### [Task objective]
Leaving pictures out, repeat word for word the line that has "Cafeteira Profissional Bravilor" and each line that follows it to the end of the listing.

### [Records for the exercise]
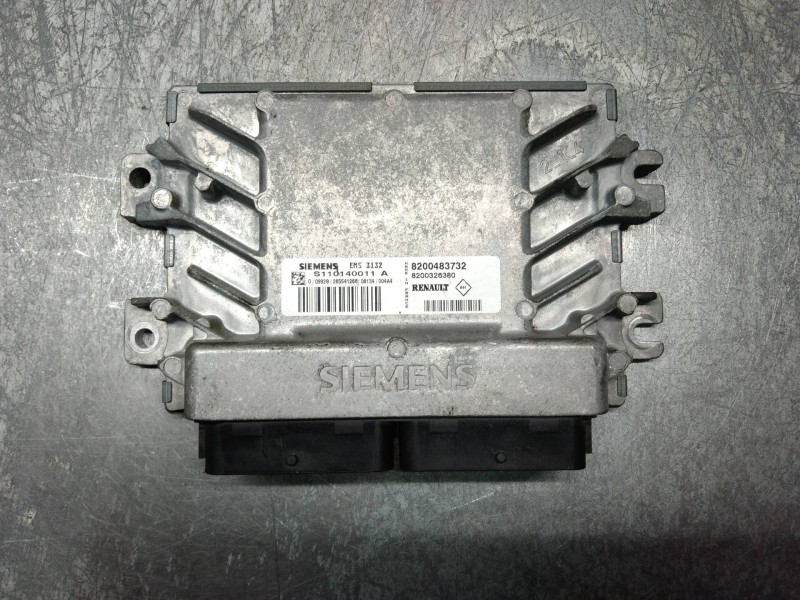 Recambio de centralita motor uce para dacia logan ambiance referencia OEM IAM S110140011A 8200483732 8200326380 EMS3132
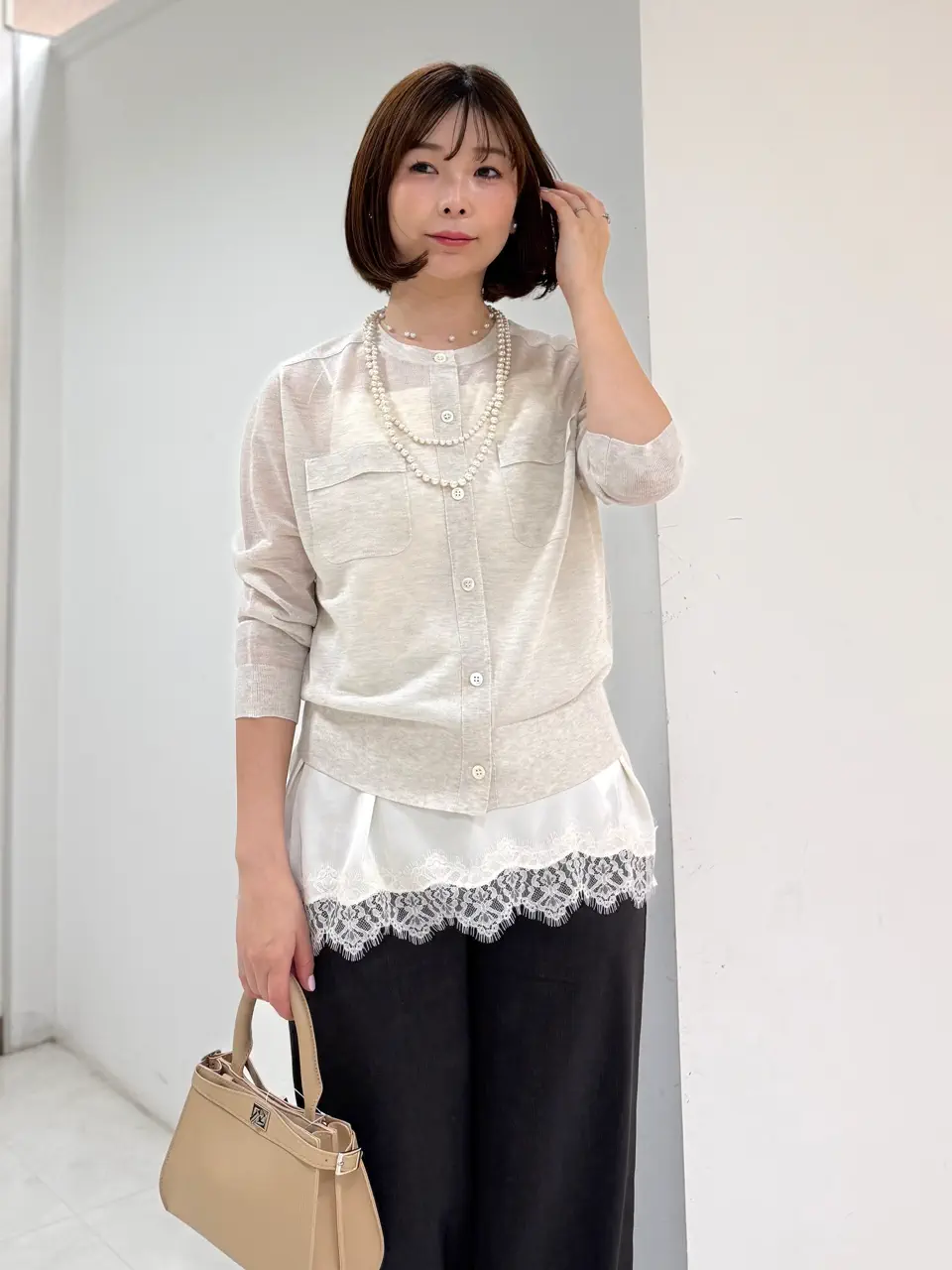 ONWARD CROSSET SELECT 市川 コーディネート画像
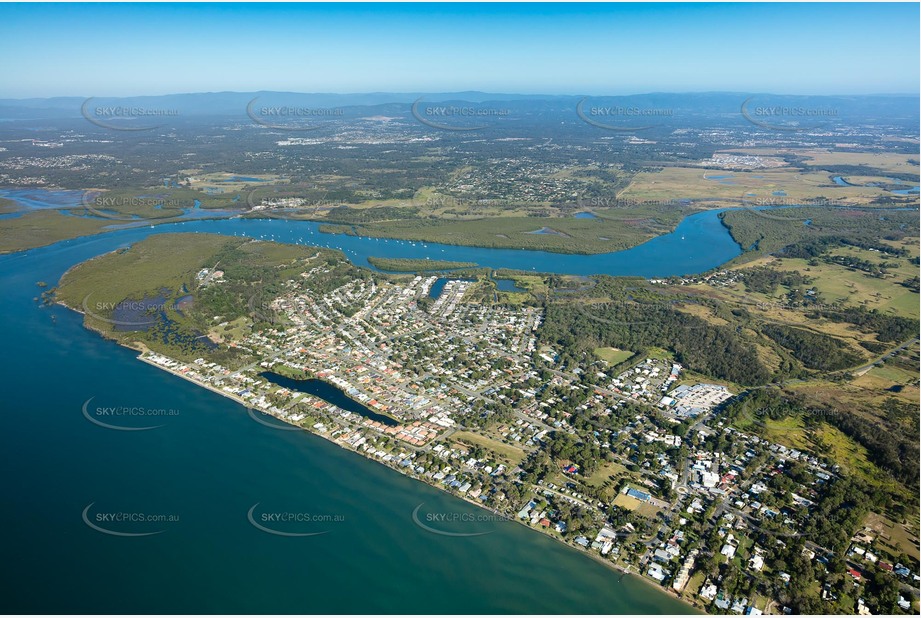 Aerial Photo Beachmere QLD Aerial Photography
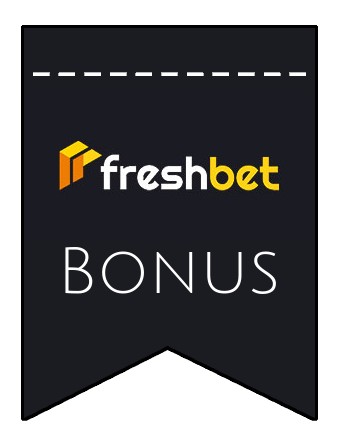 Latest bonus spins from Freshbet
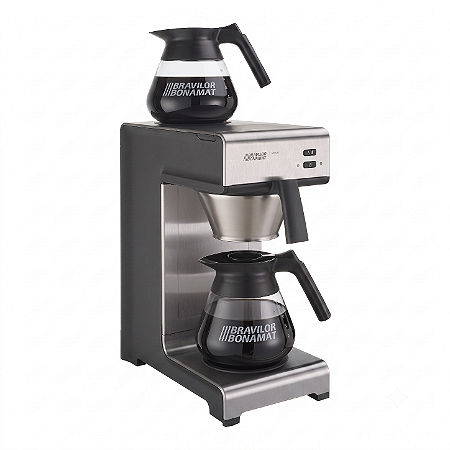 Cafeteira Profissional Bravilor Bonamat Mondo Manual - Jarras de Vidro 18L/h
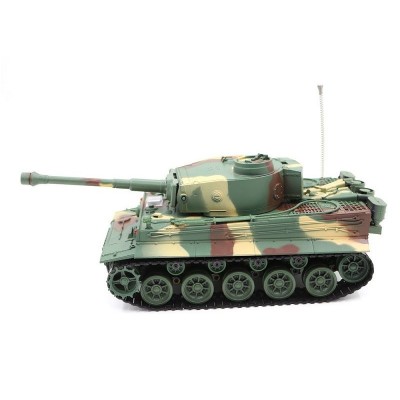 Р/У танк Heng Long 1/26 Tiger I ИК-версия, пульт MHz, RTR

### [Answer to this problem]
 Cafeteira Profissional Bravilor Bonamat Mondo Manual - Jarras de Vidro 18L/h
 Р/У танк Heng Long 1/26 Tiger I ИК-версия, пульт MHz, RTR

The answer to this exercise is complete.